LLOYD COLE; ROBERT FORSTER and GRANT McLENNAN. Cult singer-songwriters in a rock and roll environment. The Acadamy, 234 W. 43rd St., Manhattan; Saturday, Dec. 21.
AT THE START of this show Lloyd Cole, an Englishman who made his name fronting a Scottish band, claimed New York as “my town, my people.” Cole has been living in Manhattan for three years, and seems like a natural addition to the city’s long line of poetic singer-songwriters; certainly the rapt crowd, a distinctly untrendy mix of astute music fans and happy young couples, treated Cole as a homecoming hero.
When he first emerged in the mid 1980s, his group the Commotions shared a young rock audience with the Smiths (both acts dropped literary references into their lyrics and were backed by an infectious chorus of jangling guitars). Then he was considered a commercial entity; now Lloyd Cole personifies the cult musician, rarely denting any charts but selling enough albums to put many singles-based artists to shame.
Cole’s songs are brooding, subtle tales of cheating lovers and late-night drinking of a more intellectual nature than most pop music; in other words, they are difficult to translate live. Backed by a competent four-piece band including former Lou Reed guitarist Robert Quine, Cole proved himself to be a natural raconteur and excellent singer, his rich voice carrying a smoky grain and reaching out far beyond his instrumental backing. In his more staightfoward new songs (“To the Lions,” “Weeping Wine”), this made for easy, pleasing performances; in more complex material, like “Butterfly,” where he is backed on record by a full orchestra, it was not enough to elevate the show above the average.
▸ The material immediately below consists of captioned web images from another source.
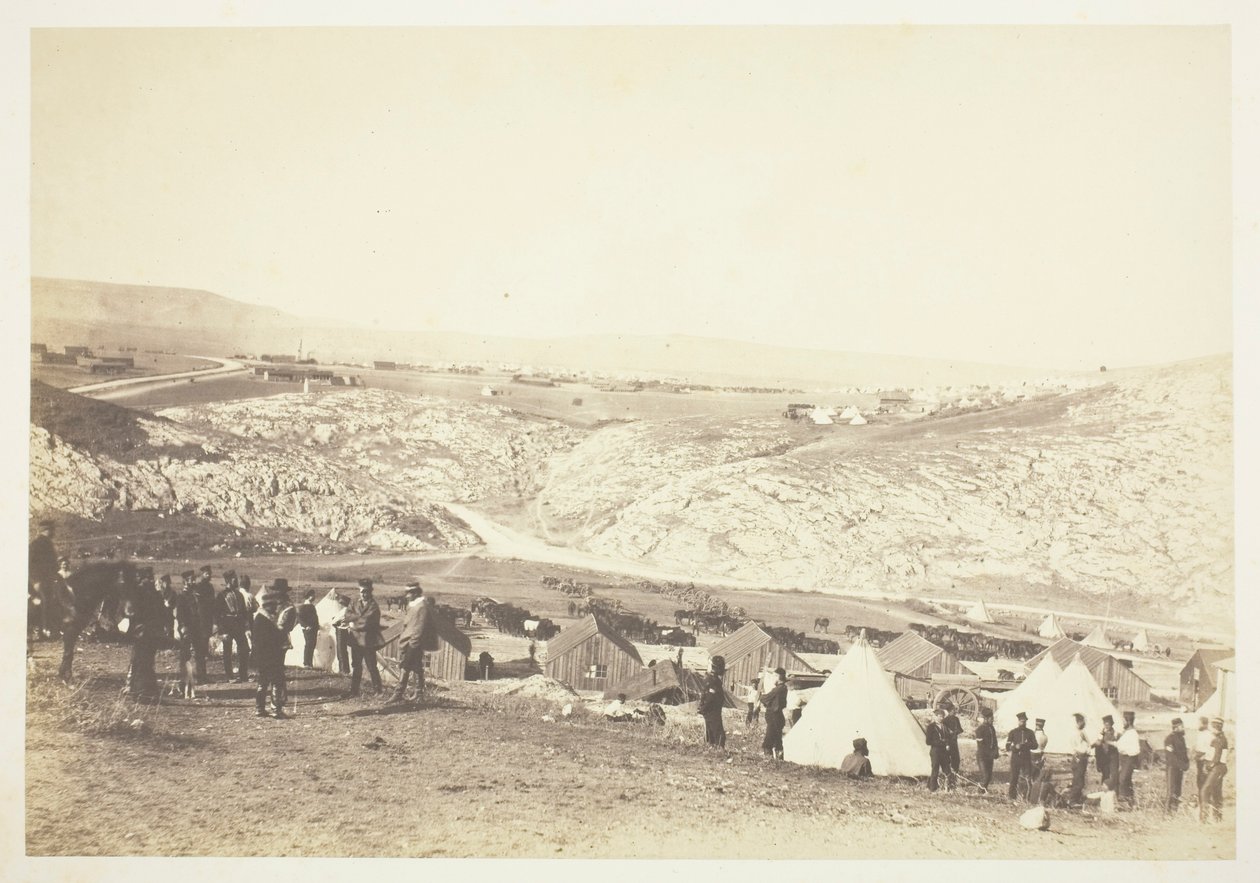 A lovas tüzérség táborozása alkotó: Roger Fenton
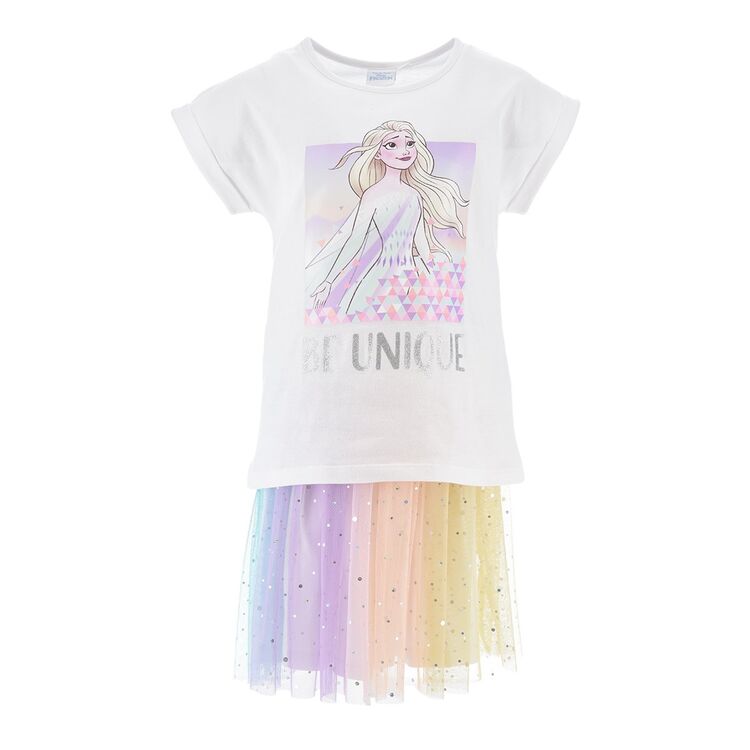 Conjunto verano dos piezas blanco Frozen Disney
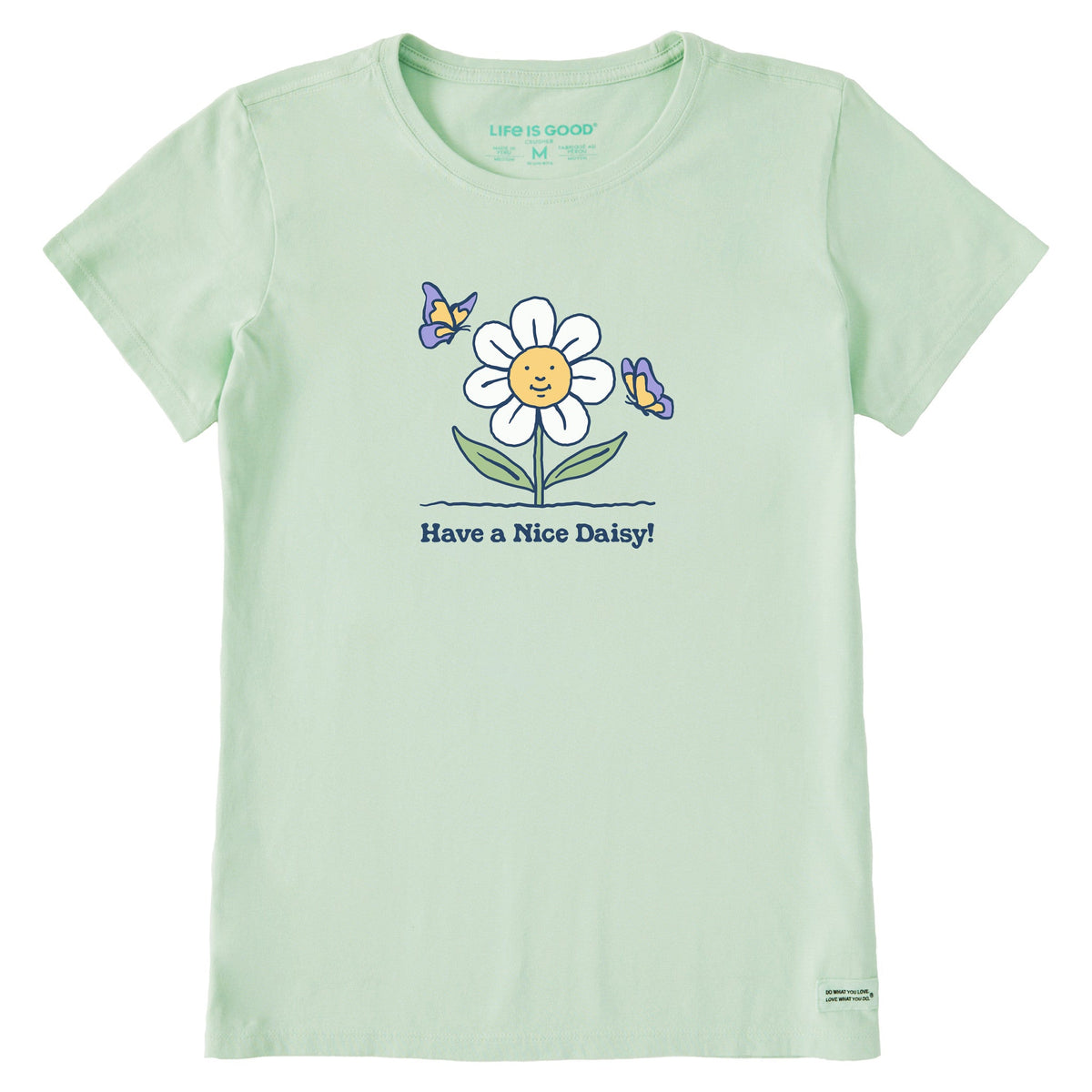 Women's Have a Nice Daisy Butterflies Short Sleeve Crusher product image 3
Nonetheless, drawing on material from throughout his career, Cole demonstrated just how many excellent songs he has written. In 10 years, he will probably be recognized for it; for now, he seems genuinely comfortable with his position somewhere between the unknown and the mainstream.
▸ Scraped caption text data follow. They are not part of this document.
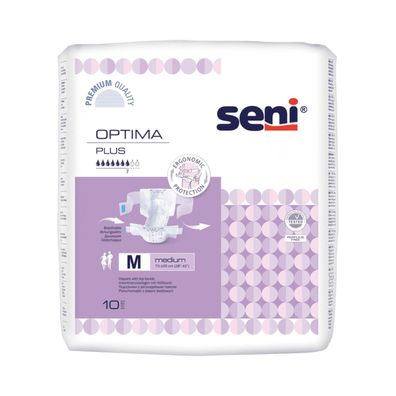 Seni Optima Plus Inkontinenzvorlagen mit Hüftbund - 10 Stück - M | Packung (10 Stück)
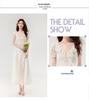 Elegant French Ruffle Dress - Slim-Fit Waist-Cinching Summer Style for Women
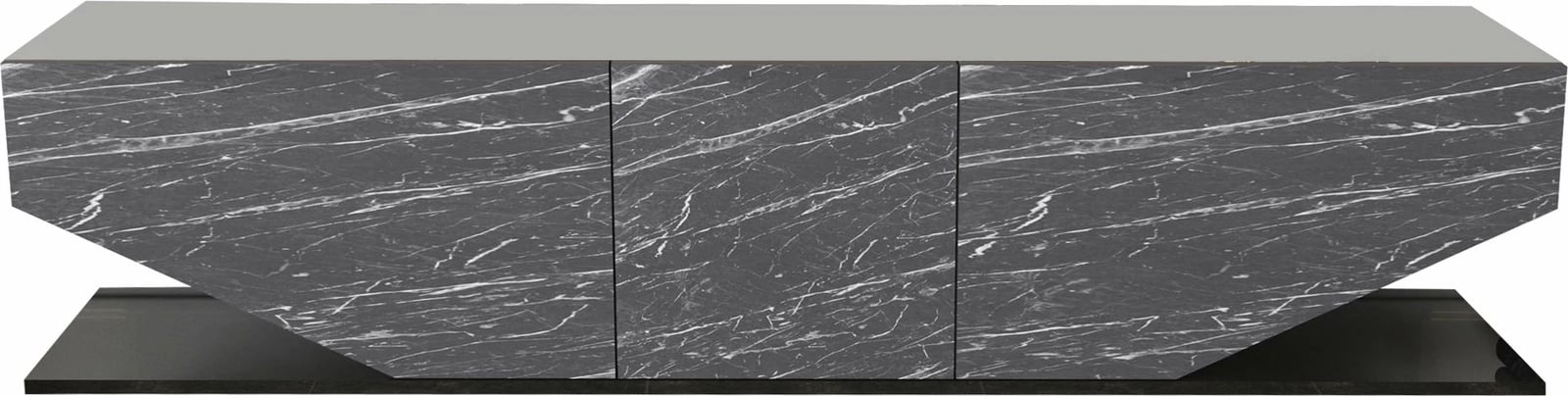 Komodë TV Hanah Home, Inci, e zezë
Perhaps as a reminder of how uncelebrated genuine talent can be, Cole’s opening act was Robert Forster and Grant McLennan, both of whom released solo albums this year but are better known, if such a term can be used, as the creative force behind Australia’s The Go-Betweens. After six albums of magnificent melancholia and not a hint of commercial success, The Go-Betweens split; this acoustic pairing, which ran through some of the group’s better-known numbers and one or two from their own solo albums, showed that it was not due to musical differences. Many of the audience had arrived early to catch this performance; to paraphrase Lloyd Cole, the moral of this story is that however much of a failure you might seem, someone out there loves you.